--- DATA BELOW Enclosed Below ---
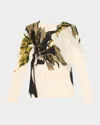 Jason Wu Collection Brushstroke Print Merino Wool Crewneck Sweater In Chalk Olive Multi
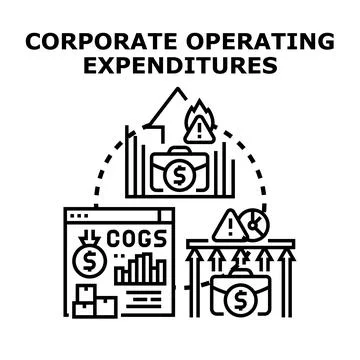 Corporate operating expenditures increasing problem concept Stock Illustration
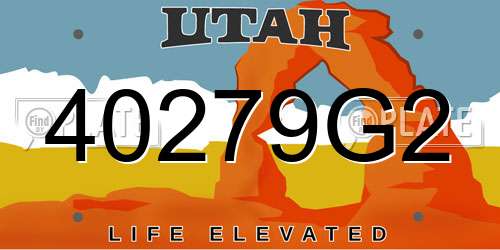 40279G2 Utah License Plate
--- End of Enclosed DATA BELOW ---
**WHAT NEEDS TO BE DONE:** The expected result is the data above in exact form, free of pictures.

**SOLUTION TO THE PROBLEM:**
 Jason Wu Collection Brushstroke Print Merino Wool Crewneck Sweater In Chalk Olive Multi
 Corporate operating expenditures increasing problem concept Stock Illustration
 40279G2 Utah License Plate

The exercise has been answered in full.